At the Whitesburg City Council’s February meeting Monday, Mayor James Wiley Craft told the council that AU Associates, the Lexington company that developed the Jenkins school, is apparently interested in a similar project in Whitesburg for the Daniel Boone Hotel.
Craft said Letcher County Judge/Executive Jim Ward told him of AU’s interest after Ward attended the grand opening and ribbon cutting ceremony at Jenkins School Apartments earlier Tuesday.
Craft said he would hope the project would be mindful of the building’s original purpose as a hotel, but said that other than what Ward told him, he has little other information at present. He said he would meet with Ward and representatives of AU Associates in the near future and report back to the council on any proposal.

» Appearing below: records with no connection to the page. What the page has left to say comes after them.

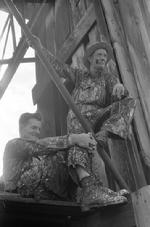 "Roustabouts during a lull in painting of derrick. Seminole oil field, Oklahoma"; Russell Lee, photographer; Farm Security Administration - Office of War Information Photograph Collection; Library of Congress, Prints and Photographs Division, Washington, D.C. (1939); https://www.loc.gov/resource/fsa.8a26942/
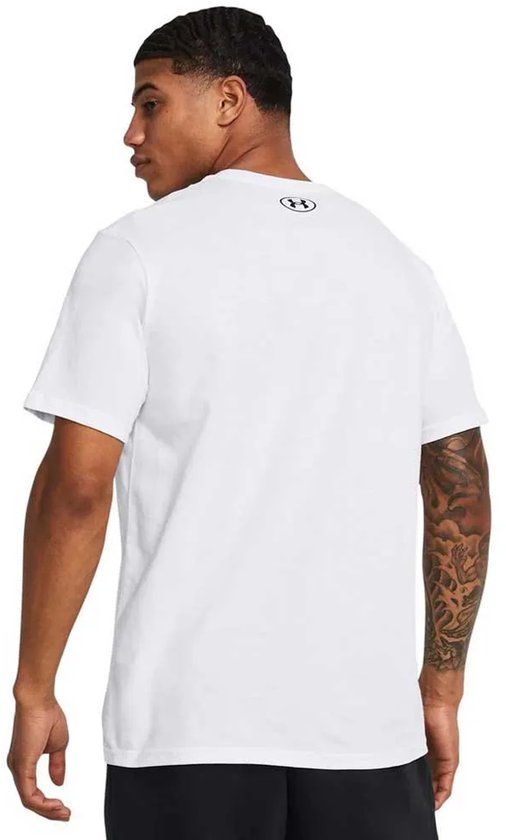 Man met getatoeëerde armen in een wit Under Armour T-shirt, zichtbaar van achteren.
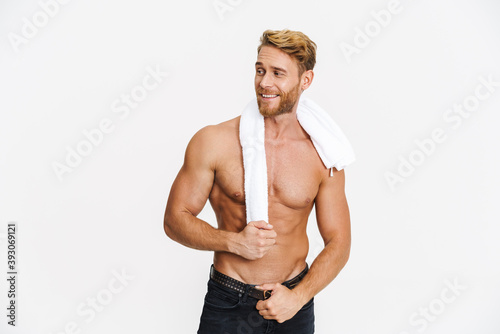 Happy caucasian shirtless man posing with towel and smiling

Responding to a question from Councilman John Williams concerning the hotel, Paul Nesbitt of Nesbitt Engineering told the council the hotel renovation would be very expensive for the city to undertake, costing between $3.5 and $ 4 million. Nesbitt added that AU Associates had undertaken the transformation of another government-owned structure in Jackson and it had turned out very well.

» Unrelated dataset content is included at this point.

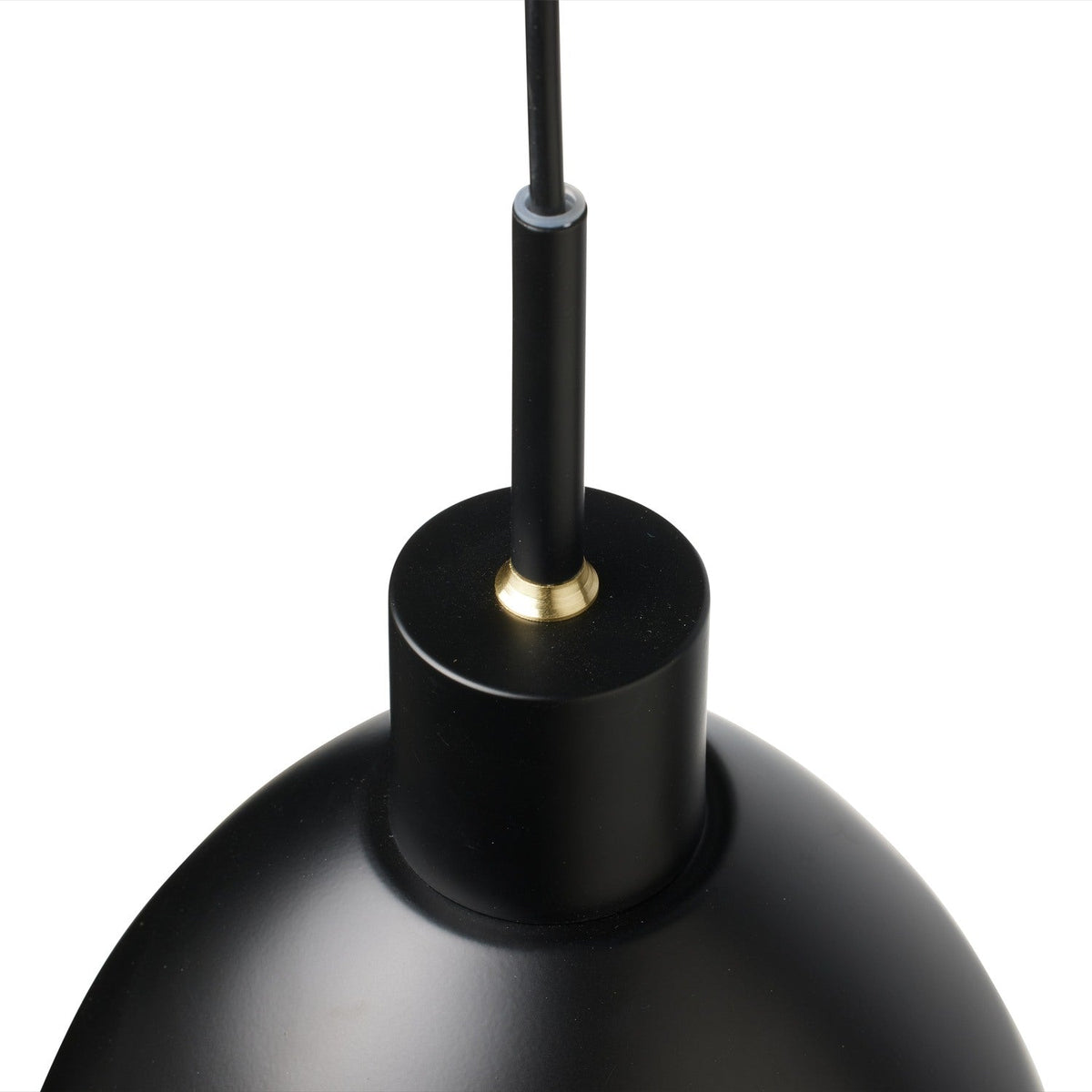 Close-up of the Rock Pendant Light 20cm in black, showing the matt shade's cylindrical top with brass detail and black cord against a plain white background.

Nesbitt also reported that his company has been working on finding solutions for several problems the city has in the area of water and sewer, and seeking funding for the work as well. He said he believes they are very near a solution for several city needs and that he has been working closely with Water Maintenance Director Chris Caudill to address them. Caudill did not attend the meeting due to a death in the family and Nesbitt said he hopes to have good news in the near future.
In other business, the council voted unanimously to allow the Mayking Volunteer Fire Department to hold a fundraising roadblock at all three city intersections on March 8.
Mayor Craft also praised the hard work and dedication of city street and water workers during the ongoing bitterly cold weather. Craft said street workers had come out early and worked long hours to keep streets safe and clean. Councilman Williams added that the city has experienced fewer problems with burst water lines than some surrounding ones and said when there have been problems city water workers have responded quickly and made repairs in a timely manner.
Council member Robin Bowen Watco added that the street workers are probably going to encounter another round of bad weather expected on Wednesday afternoon as a rare southern snowstorm pushes north into Kentucky.
Councilman James Bates also praised city office workers for putting the monthly council packets together.